The ongoing global and regional interest rates are in the single digit and in some cases close to the zero level. Fortunately, the world interest rate reporting agencies do not include Pakistan in their tables of comparison. And, that saves us the humiliation of being an economy from another planet. Let's make an attempt to compare our interest and inflation rates with those prevailing in some of the world and regional economies.


Pakistan 14 14.2 Taiwan 1.63 1.25
India 6.5 8.2 Malaysia 2.75 2.4
China 6.06 4.9 Vietnam 11 12.3
Sri Lanka 8.5 6.8 Australia 4.75 2.7
Hong Kong 0.5 3.8 United States 0.25 1.6
South Korea 2.25 3 UK 0.5 3.7
Japan 0.1 0.00 Canada 1 2.3

Vietnam, the only regional economy with interest and inflation rates in double digits, has still to go quite some distance to challenge our leading position, as far as the said two economic indicators are concerned. Apart from these two unenviable resemblances, Vietnam economy, after shifting its focus from a highly-centralized economy to a socialist-free-market economy, has nothing much in common when compared to Pakistan's economy. It is a fast growing Asian economy tipped to become the fastest growing economy by 2025 with a potential to grow by 10 percent annually. Coming back to the subject, it will be observed that there is an unmistakable relationship between the interest and inflation rates in an economy.
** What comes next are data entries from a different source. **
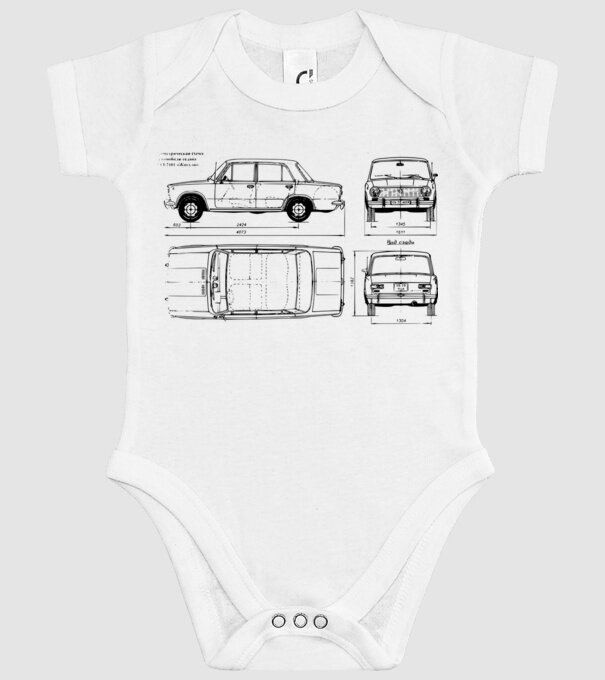 Lada model alb pe tricou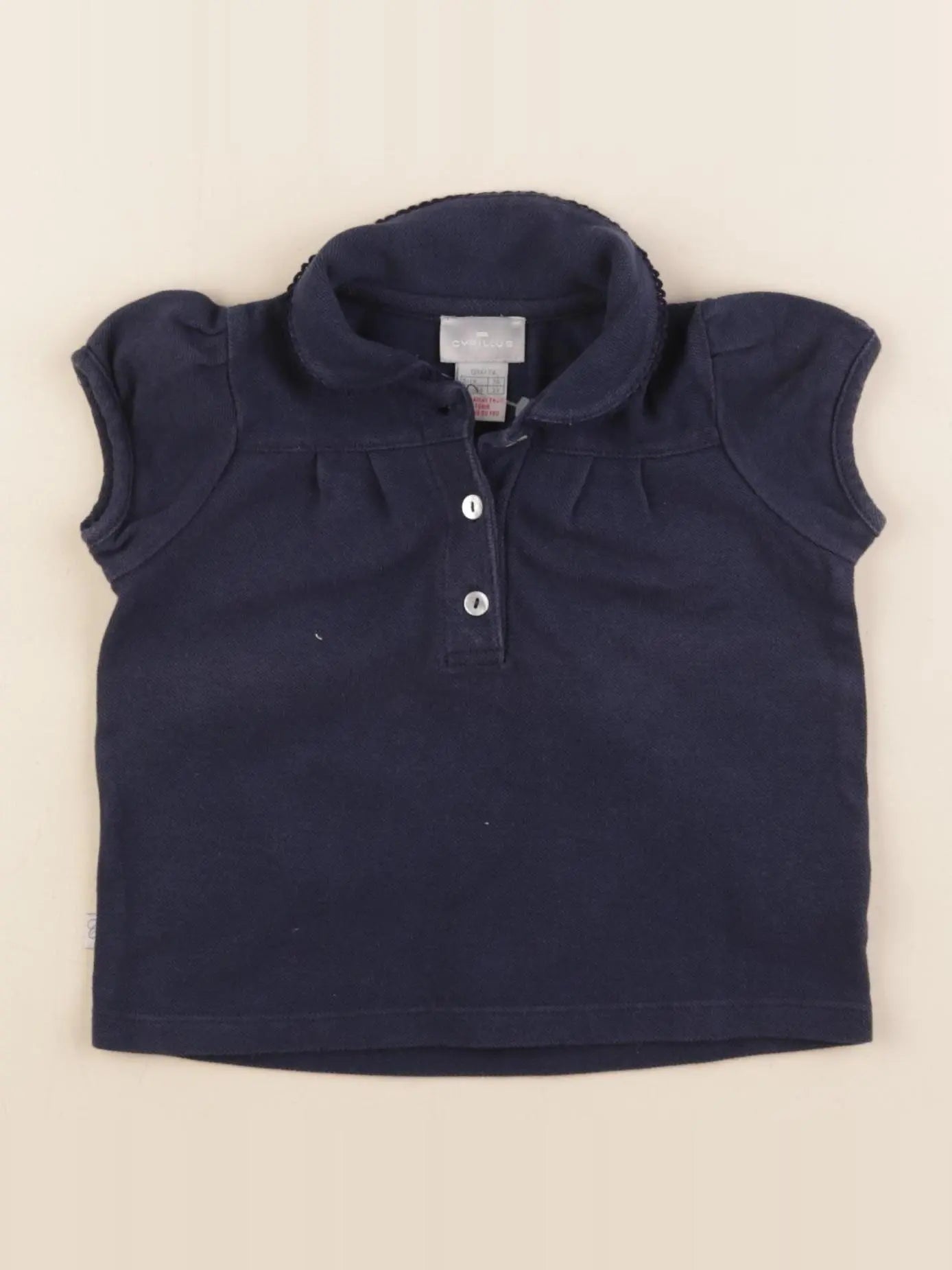 Cyrillus - polo bleu - 12 mois
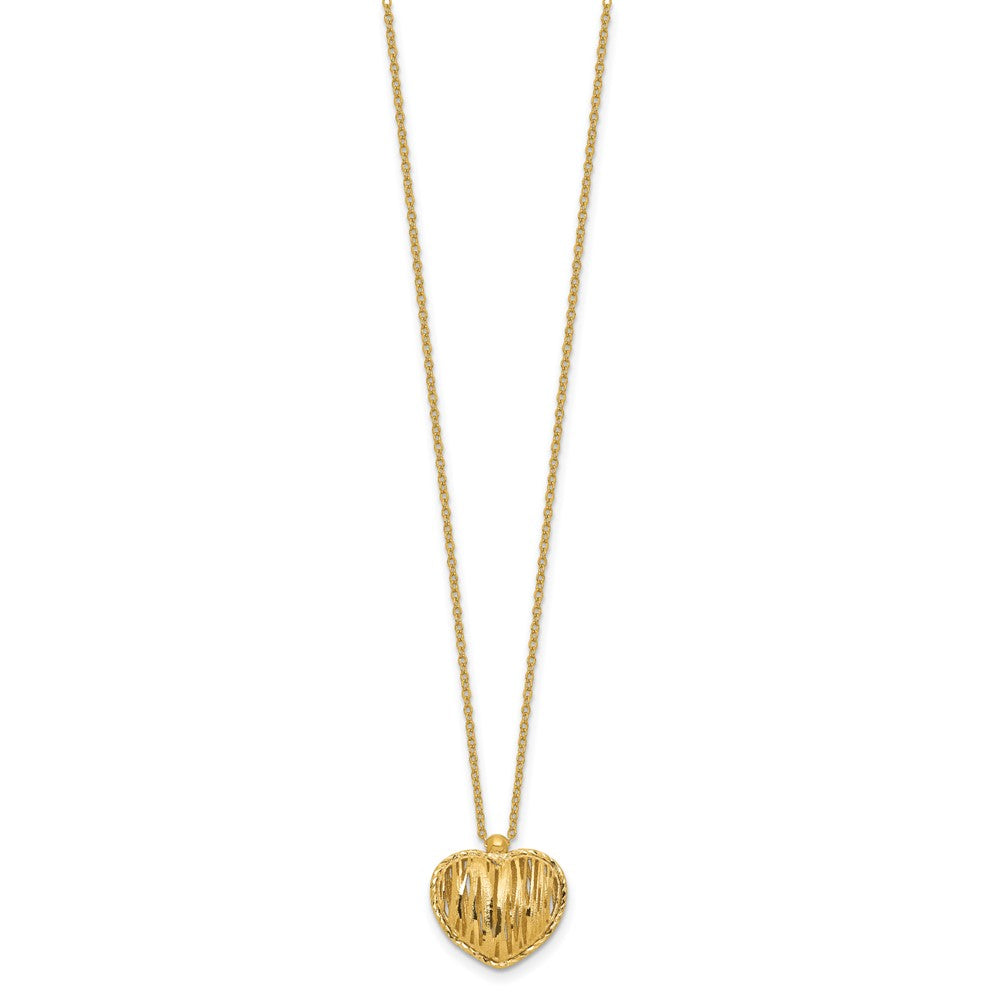14K Polished / Dia-cut Puffed Heart w/2in ext. Necklace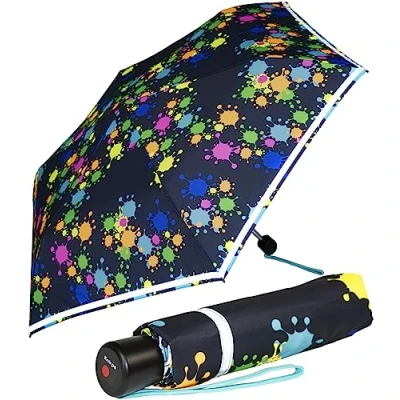 Abbildung von Knirps Kinder Taschenschirm 4Kids reflective mit Reflexborte Paintdrops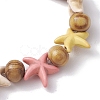 Beach Starfish Dyed Synthetic Turquoise Stretch Bracelets BJEW-JB10295-02-4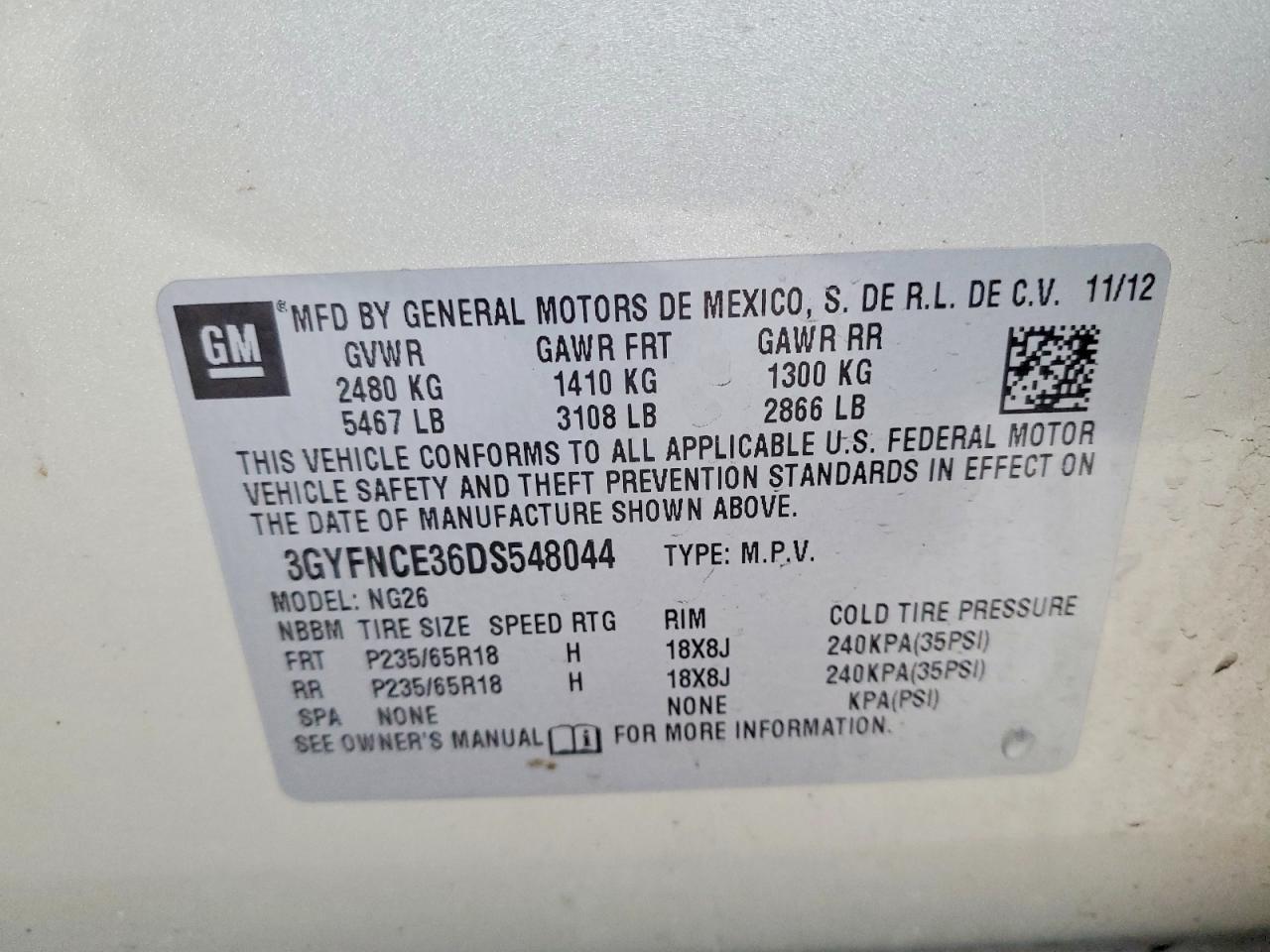 2013 CADILLAC SRX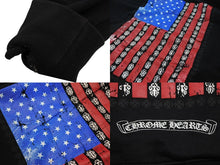 Load image into Gallery viewer, CHROME HEARTS クロムハーツ 星条旗 ジップ パーカー ブラック サーマル フーディ― シルバー金具 サイズM 美品 中古 4b007720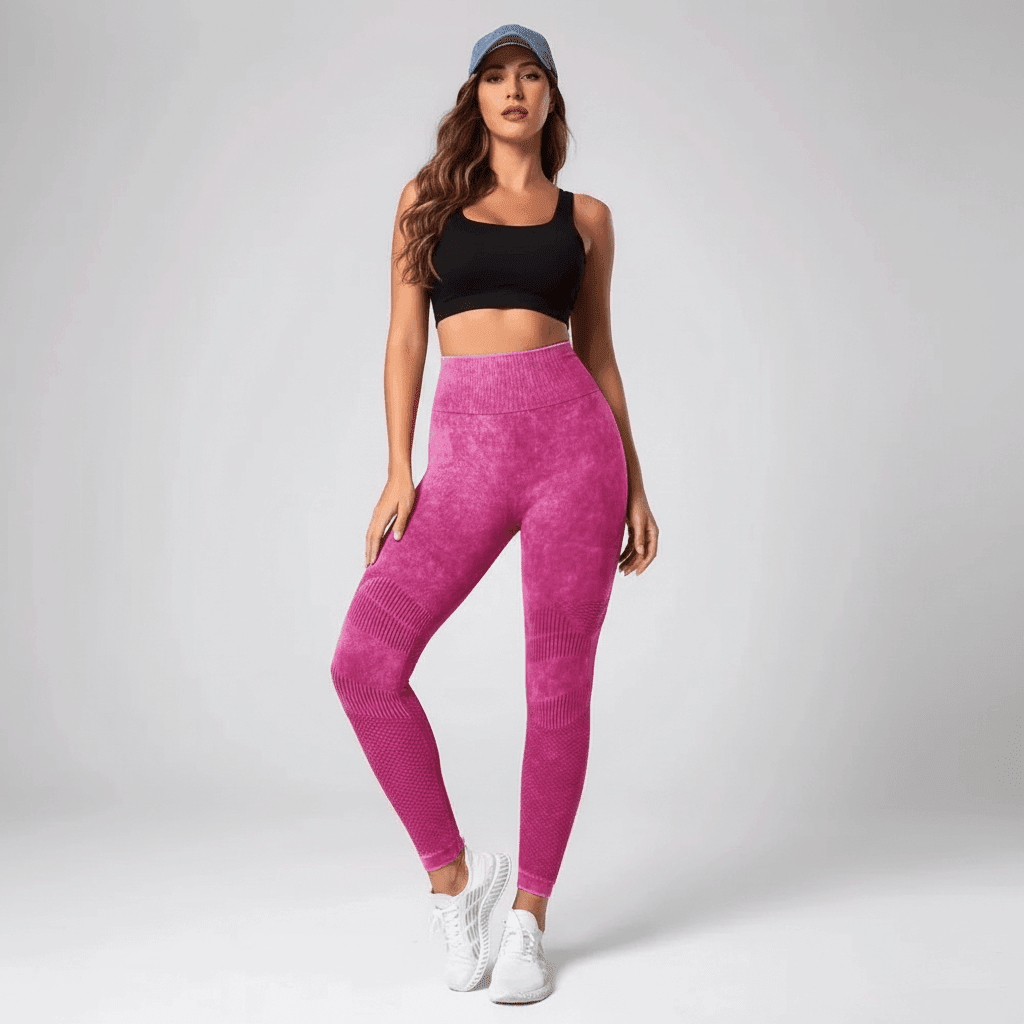 Legging strong rose fuchsia taille haute slim fit vue de face élégante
In 79 percent of the cases mentioned in the table, the difference between the two rates is less than two percentage points; and in 43 percent of the cases the rate of inflation is less than the rate of interest. Keeping with the regional trend, a hypothetical policy rate of around eight percent could have restricted our inflation to single digit. There is no other way to ward off the impending hyperinflation threat than to go back to our golden economic era of 2003-07 when all sectors of our economy performed well under low-interest and ample private sector credit policies. The sooner we do it the better.